Lula afirmou haver um protecionismo do presidente francês, Emmanuel Macron, aos produtos agrícolas do país. O chefe do Planalto também ressaltou a necessidade de proteger as compras governamentais dos países do Mercosul.
“Fiz um apelo ao Macron para deixar de ser tão protecionista. Todos eles são protecionistas em relação ao mercado agrícola. Eles não levam em conta que podemos participar desse sol, de um mercado extraordinário”, disse Lula.
“A questão das compras governamentais é muito importante para um país se desenvolver. Não dava para a gente abrir do jeito que eles queriam que a gente abrisse.”
O debate sobre as compras governamentais é um dos principais entraves ao termo atual do acordo. Uma reivindicação de Lula é impedir que empresas europeias possam concorrer em licitações brasileiras.
Lula afirmou que o futuro acordo deve contribuir para a industrialização dos países do Mercosul.
“Estranho a falta de flexibilidade deles de entender que nós ainda temos muita coisa para crescer, temos o dever de nos industrializar. E precisamos de flexibilizar, deles comprarem alguma coisa nossa com maior valor agregado. Mas eles não estão sensíveis para isso”, afirmou.
Havia a expectativa do governo brasileiro e da presidência da União Europeia de que fosse possível fechar os termos do acordo para anunciá-lo na Cúpula do Mercosul, nesta quinta (7). No entanto, os últimos dias mostraram percalços maiores do que estavam sendo antecipados pelos negociadores.
No último sábado (1°), Macron, afirmou que é contrário ao acordo por considerá-lo “antiquado”. Um dia depois, o comissário do comércio da União Europeia, Valdis Dombrovskis, cancelou a viagem que faria ao Brasil para acompanhar a reunião do Mercosul.
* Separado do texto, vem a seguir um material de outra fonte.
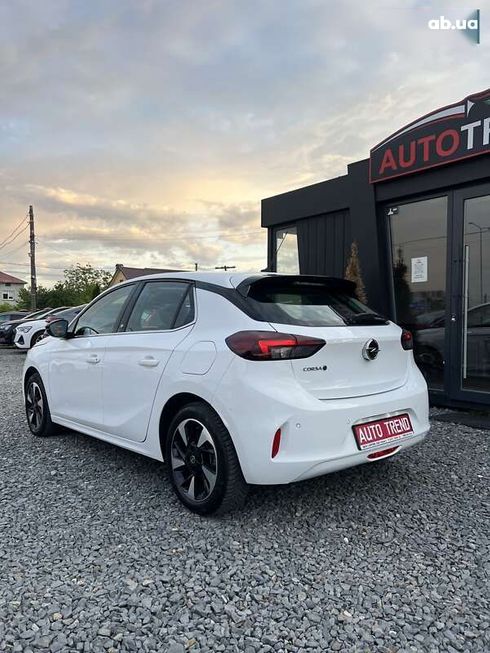 Opel Corsa-e 2022 - фото 7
No discurso, Lula admitiu que não conseguiu chegar aos resultados concretos que esperava quando assumiu a presidência temporária do bloco. A declaração é uma resposta às críticas feitas pelo chanceler do Uruguai, Omar Paganini, de que o Brasil não trouxe “resultados concretos” entre eles o acordo Mercosul-União Europeia.
“Cada um de vocês, quando exercerem a presidência, vai exercer com muita vontade de fazer muita coisa. E depois a gente se dá conta que nem tudo acontece do jeito que a gente quer. Mas o dado concreto é que nós estamos avançando”, disse Lula no discurso.
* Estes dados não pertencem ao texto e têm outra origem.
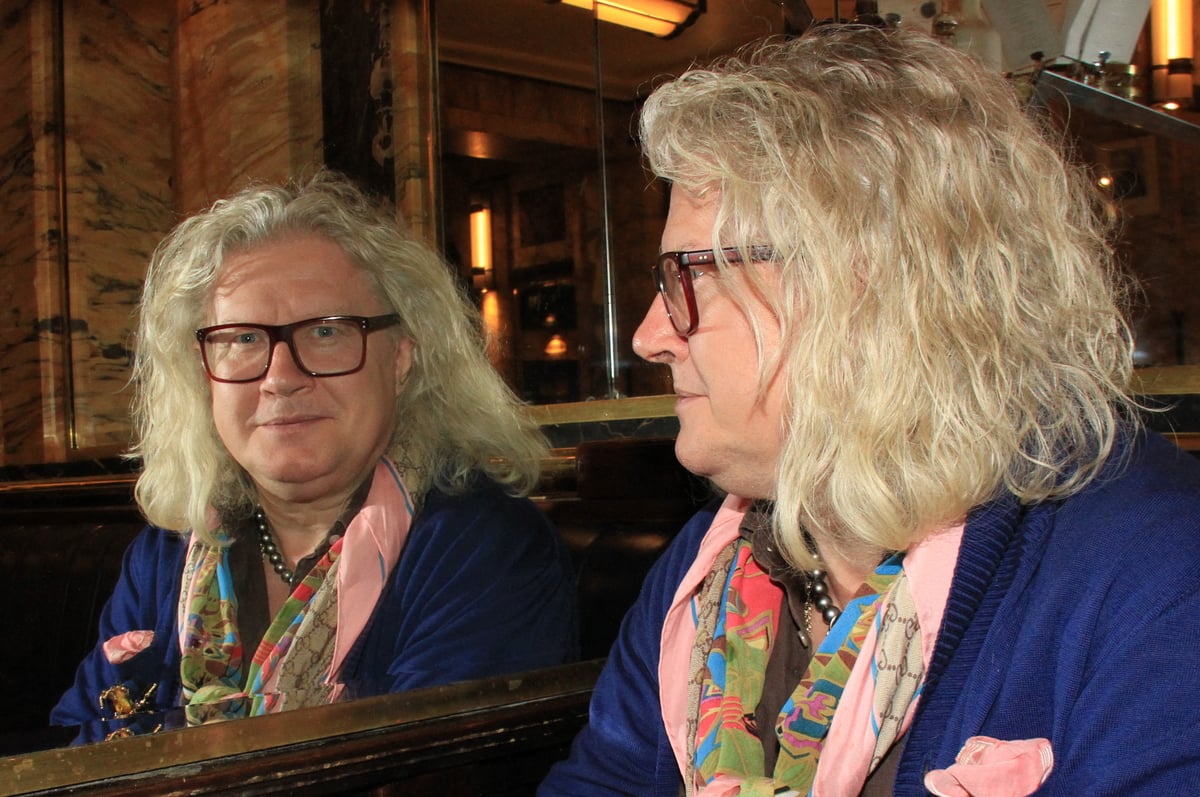 Pierre-Jean Chalençon : "Quelle horreur !", sa chanson anti-voleurs du Louvre laisse les internautes sous le choc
“Eu tenho como lema não desistir nunca. Porque não existe nada que seja impossível da gente concretizar, mesmo essa tentativa de acordo com a União Europeia. Já está durando há 23 anos, mas a gente tem que continuar tentando.”
Lula também criticou as exigências ambientais feitas pela União Europeia para fechar os termos do acordo.
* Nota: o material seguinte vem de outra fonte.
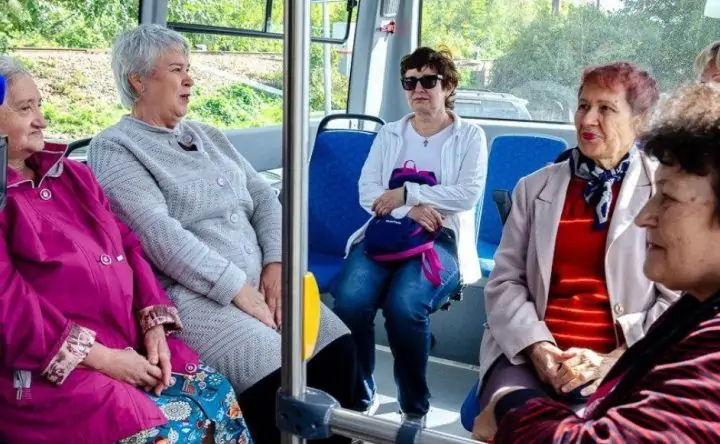 Первые пассажирки нового автобуса. Фото donnews.ru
“A União Europeia precisa reconhecer a credibilidade dos dados dos nossos sistemas nacionais de monitoramento e certificação do desmatamento. Eu não vou ficar prestando contas das coisas que a gente faz para qualquer um. Tratamos das questões ambientais com muita seriedade.”
O presidente brasileiro também criticou o texto de 2019 acordado na gestão Jair Bolsonaro (PL) com a União Europeia.
“Herdamos uma versão do governo passado, que vocês conhecem. A versão era inaceitável, porque nos tratava como se nos fôssemos seres inferiores. Diria até que nos tratava como se fôssemos países colonizados ainda. Com falta de respeito e ainda ameaçando.”
**MERCOSUL E UE DIZEM ESPERAR CONCLUSÃO RAPIDAMENTE**
Sem consenso a tempo da cúpula no Rio, Mercosul e União Europeia afirmaram, em comunicado conjunto, a ambição dos blocos de concluir as negociações do acordo comercial “rapidamente”, sem mencionar um prazo para que isso aconteça.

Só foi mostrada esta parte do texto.